Top of WORKING DATA

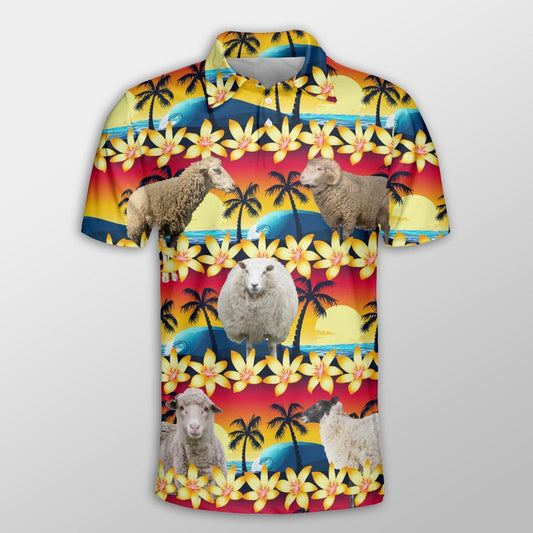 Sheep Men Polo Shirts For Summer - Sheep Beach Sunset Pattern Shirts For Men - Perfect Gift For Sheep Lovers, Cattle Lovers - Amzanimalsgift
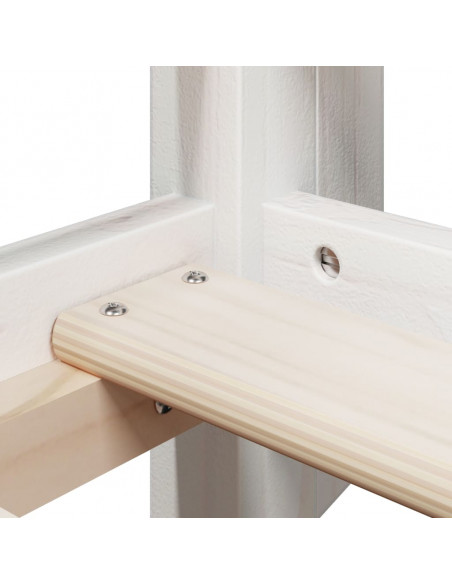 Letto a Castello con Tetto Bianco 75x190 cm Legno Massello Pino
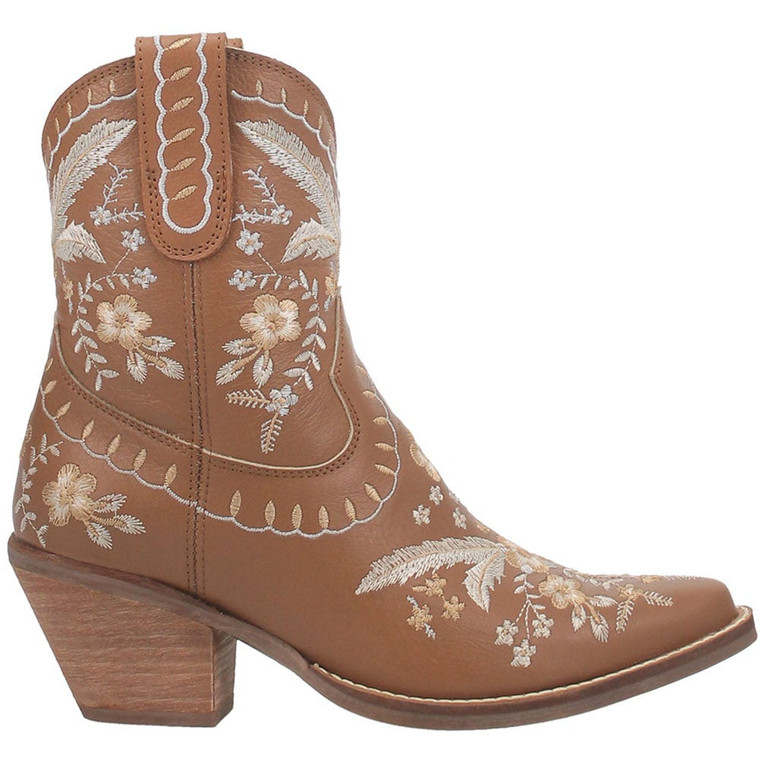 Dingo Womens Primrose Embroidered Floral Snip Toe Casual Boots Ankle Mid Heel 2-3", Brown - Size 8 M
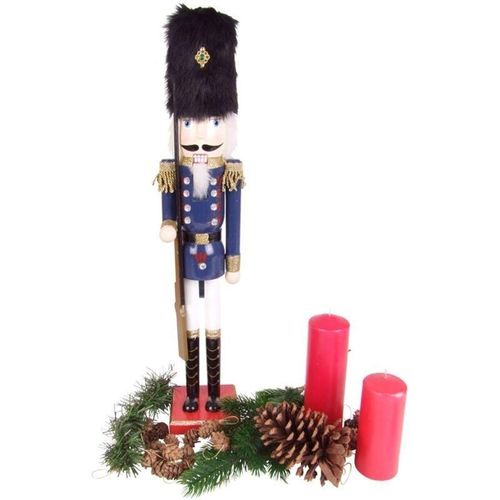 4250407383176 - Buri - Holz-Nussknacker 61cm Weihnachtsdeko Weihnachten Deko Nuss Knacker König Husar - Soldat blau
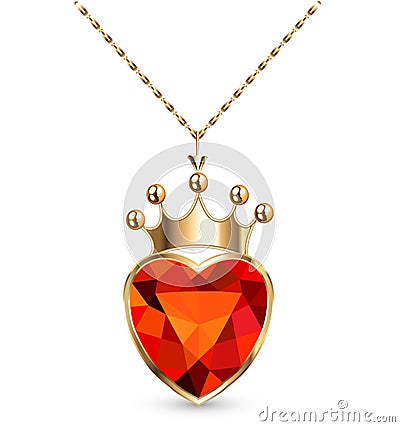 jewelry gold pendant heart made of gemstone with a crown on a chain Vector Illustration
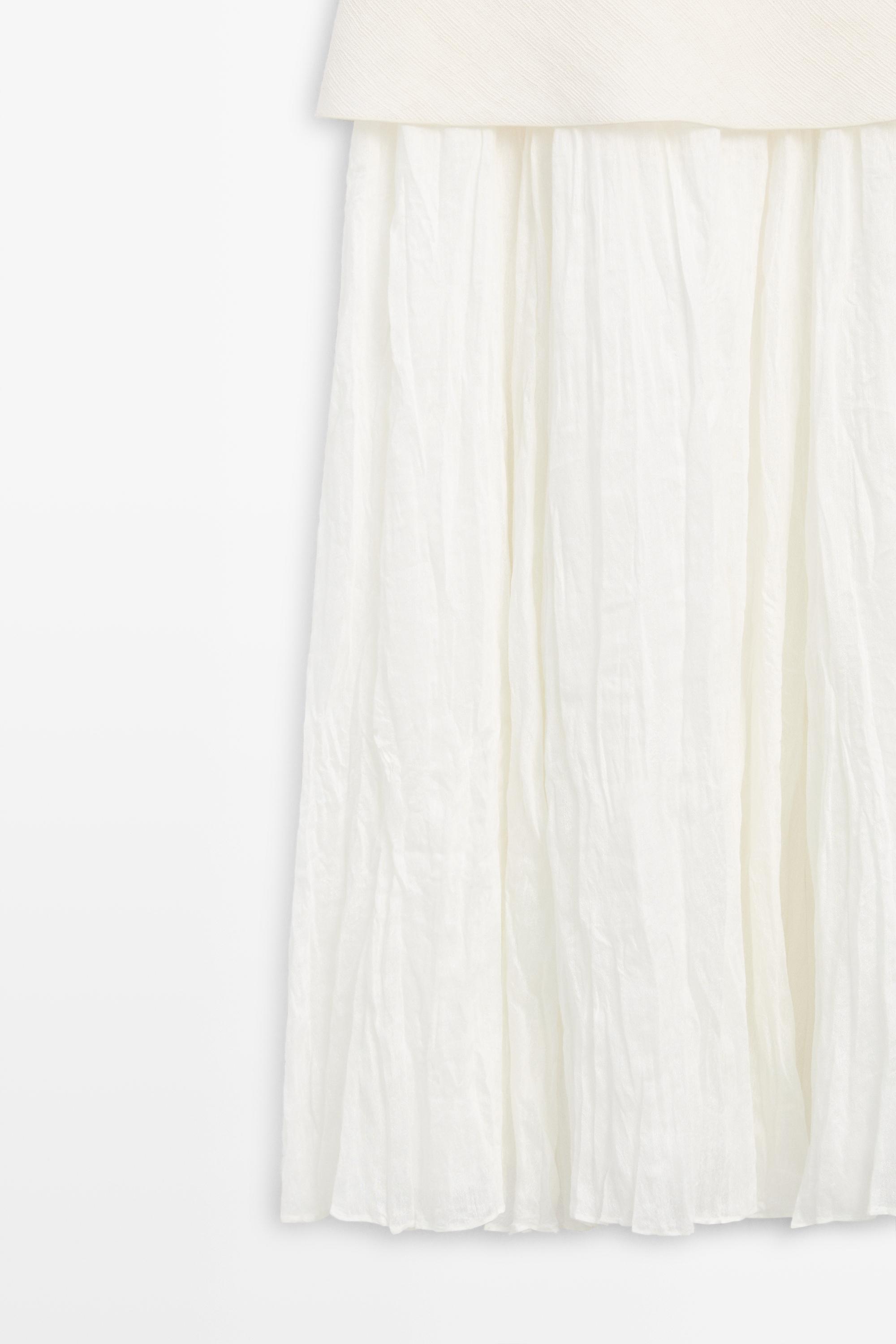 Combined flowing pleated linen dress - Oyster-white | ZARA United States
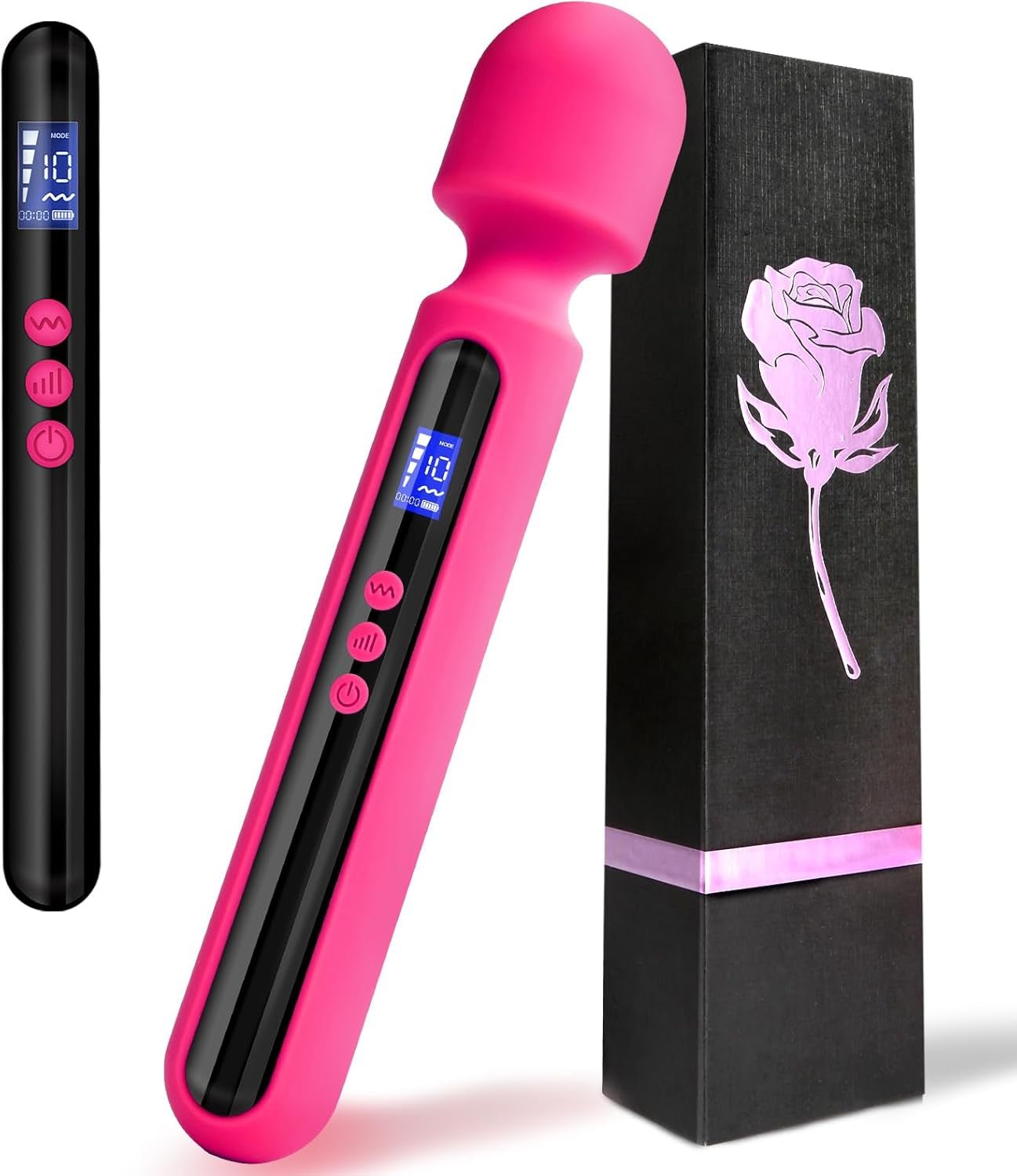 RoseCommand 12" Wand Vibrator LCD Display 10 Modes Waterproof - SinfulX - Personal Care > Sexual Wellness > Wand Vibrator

Bottom of WORKING DATA

ACTIVITY. Your copy should match every entry above exactly and contain no pictures.

COMPLETED EXERCISE.
 Sheep Men Polo Shirts For Summer - Sheep Beach Sunset Pattern Shirts For Men - Perfect Gift For Sheep Lovers, Cattle Lovers - Amzanimalsgift
 Letto a Castello con Tetto Bianco 75x190 cm Legno Massello Pino
 Dingo Womens Primrose Embroidered Floral Snip Toe Casual Boots Ankle Mid Heel 2-3", Brown - Size 8 M
 4250407383176 - Buri - Holz-Nussknacker 61cm Weihnachtsdeko Weihnachten Deko Nuss Knacker König Husar - Soldat blau
 jewelry gold pendant heart made of gemstone with a crown on a chain Vector Illustration
 Combined flowing pleated linen dress - Oyster-white | ZARA United States
 RoseCommand 12" Wand Vibrator LCD Display 10 Modes Waterproof - SinfulX - Personal Care > Sexual Wellness > Wand Vibrator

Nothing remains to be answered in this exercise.